With Quadlet, you create simple declarative files (.container, .pod, .network) instead of writing systemd unit files manually. Place them in /etc/containers/systemd/ for root containers or ~/.config/containers/systemd/ for rootless containers.

Example Quadlet file for Portainer:

[Container]
ContainerName=portainer
Image=docker.io/portainer/portainer-ce:lts
PublishPort=9443:9443
Volume=/run/podman/podman.sock:/var/run/docker.sock
Volume=portainer_data:/data

[Service]
Restart=always

[Install]
WantedBy=default.target

After creating this file, run systemctl daemon-reload and the container will be managed as a native systemd service.

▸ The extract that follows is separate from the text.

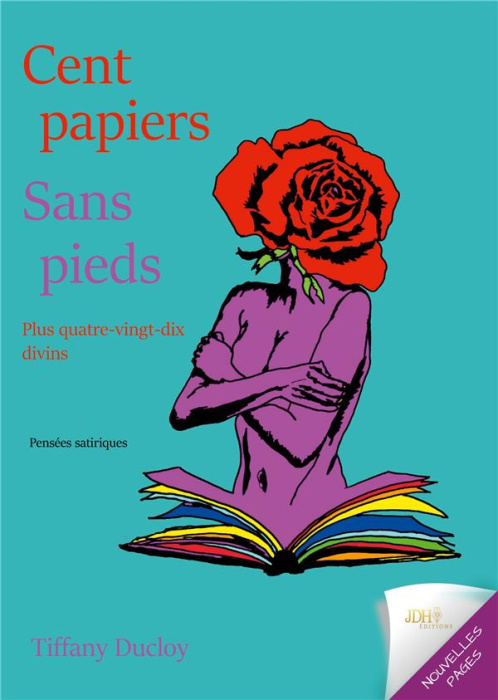 Emprunter Cent papiers sans pieds. Plus quatre-vingt-dix divins livre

Podman's advantages for systemd integration include:

• Daemonless architecture: No single point of failure like dockerd
• Rootless containers: Run containers without root privileges
• Native systemd integration: Quadlet generates optimized unit files automatically
• Auto-update support: Automatically pull and restart when new images are available

Conclusion

In this tutorial, I've shown several ways to deploy Docker containers as Linux systemd services:

1. Docker restart policies: The simplest approach for basic restart handling
2. Systemd unit files: For dependency management, unified logging, and boot ordering
3. Podman with Quadlet: The most integrated solution for systemd-based container management

The Docker + systemd approach works well for:

• Single-host deployments that don't need full orchestration
• Servers where you want containers managed alongside other systemd services
• Environments with complex service dependencies
• Teams familiar with systemd who want consistent management across all services

For production deployments at scale, consider Kubernetes or Docker Swarm. For simpler single-host scenarios, the approaches described in this post provide a lightweight alternative that leverages your existing Linux knowledge.